What you need to do -
Exact copy, pictures omitted: the line holding "اجاره ون دلیکا دربستی و قراردادی" and every line after it down to the end of the entries.

Supplied material -
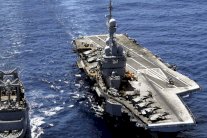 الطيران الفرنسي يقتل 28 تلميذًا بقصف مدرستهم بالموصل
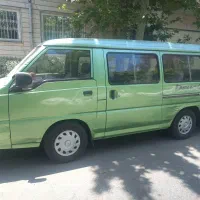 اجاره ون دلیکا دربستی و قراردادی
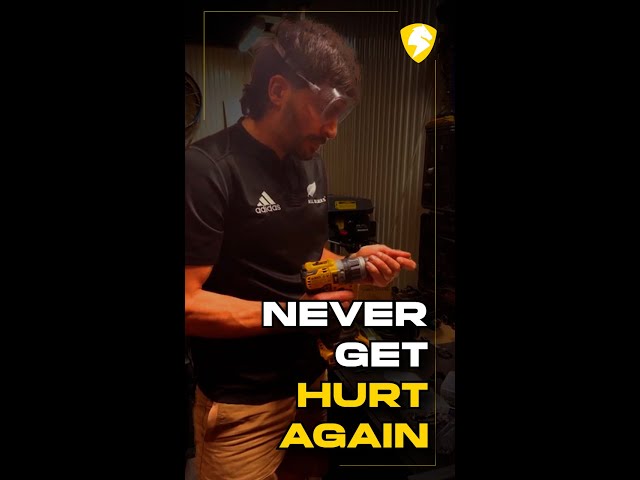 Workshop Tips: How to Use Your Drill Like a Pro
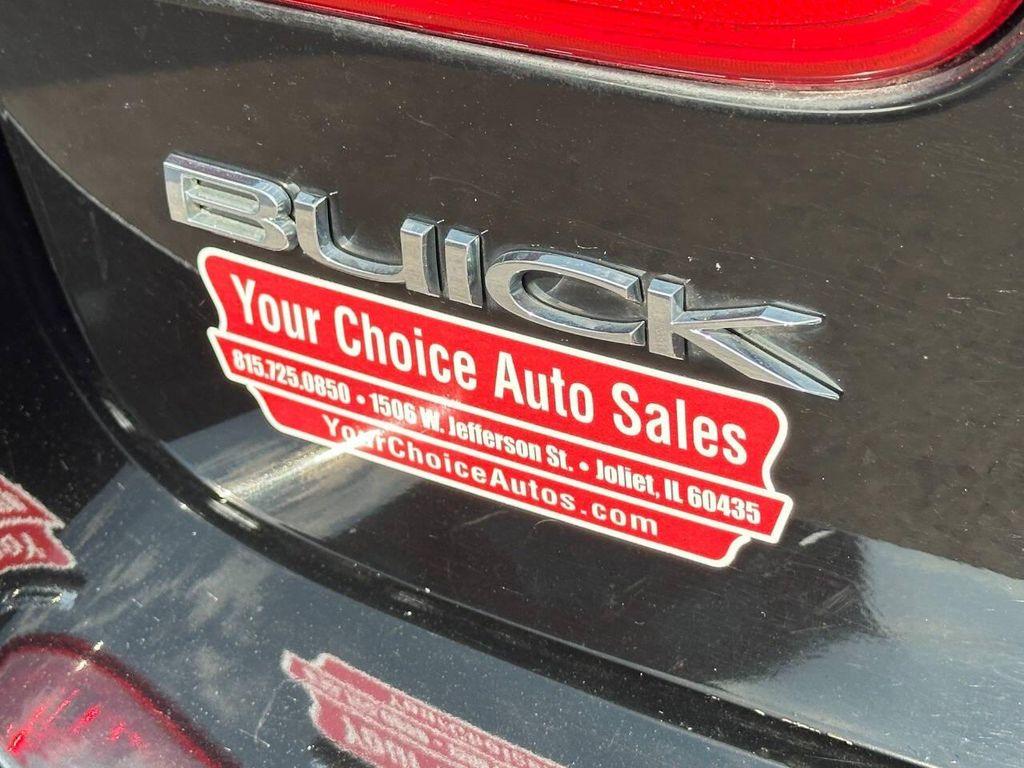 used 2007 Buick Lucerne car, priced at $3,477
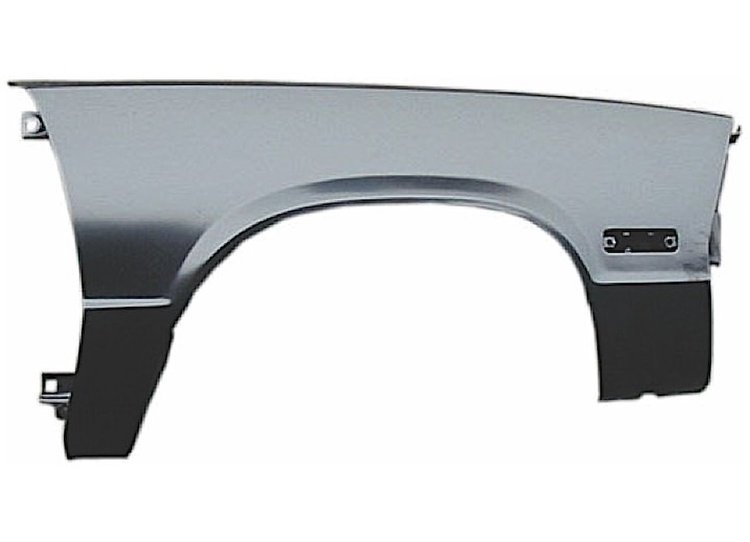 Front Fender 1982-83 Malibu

Answer to this task -
 اجاره ون دلیکا دربستی و قراردادی
 Workshop Tips: How to Use Your Drill Like a Pro
 used 2007 Buick Lucerne car, priced at $3,477
 Front Fender 1982-83 Malibu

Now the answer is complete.